Gold had its best day in nearly a month on Friday after U.S. data showed moderate wage growth in August and a rise in the unemployment rate to 3.7% suggested the labour market was starting to loosen.
"Expectations around future Fed rate hikes have softened slightly but the jobs report will have to be paired with a good inflation reading to have any material impact," said Craig Erlam, senior market analyst at OANDA.
"We may see some support for gold above $1,700 for now but with the dollar so favoured and central banks not easing off the brake, further downside pressure may still come and a break below $1,680 looks very possible."
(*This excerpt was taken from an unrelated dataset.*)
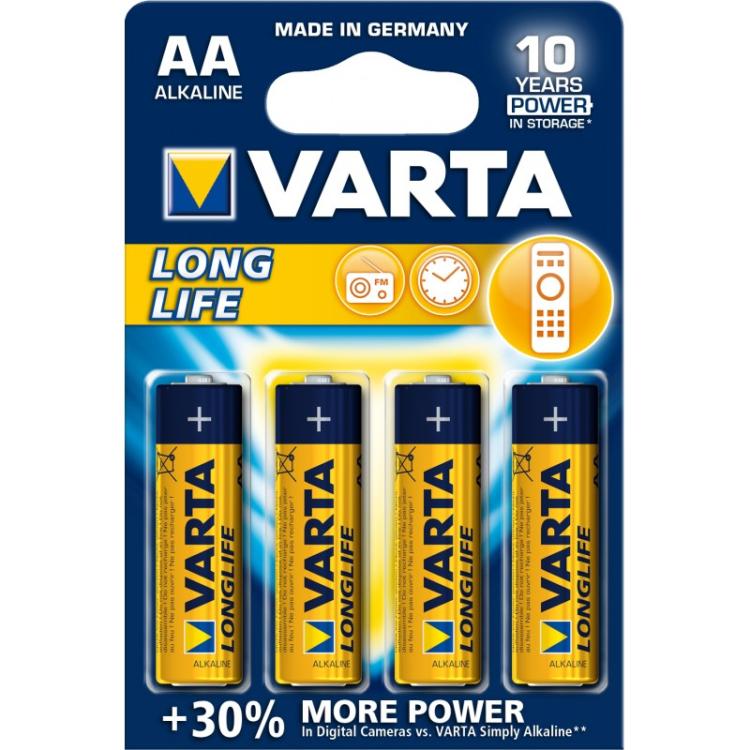 Varta - 04106 Batería de un solo uso AA Alcalino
The European Central Bank is due to meet later this week, where it is expected to deliver a 75 basis-point interest rate hike to tame record high inflation.
Fed's next policy meeting is scheduled for Sept. 20-21.
Limiting gold's advance, the dollar index notched a 20-year high against its rivals, making bullion expensive for holders of other currencies. [USD/]
European shares tumbled after Russia extended a halt on gas flows down the Nord Stream 1 pipeline to Europe, sparking worries over energy prices. [.N]
Spot silver rose 0.4% to $18.10 per ounce, platinum gained 1.4% to $846.83, while palladium eased 0.1% to $2,021.43.
Stronger-than-expected platinum shipments to China in the first half of the year spurred shortages elsewhere, as supply declined from mines and recycling, the World Platinum Investment Council said.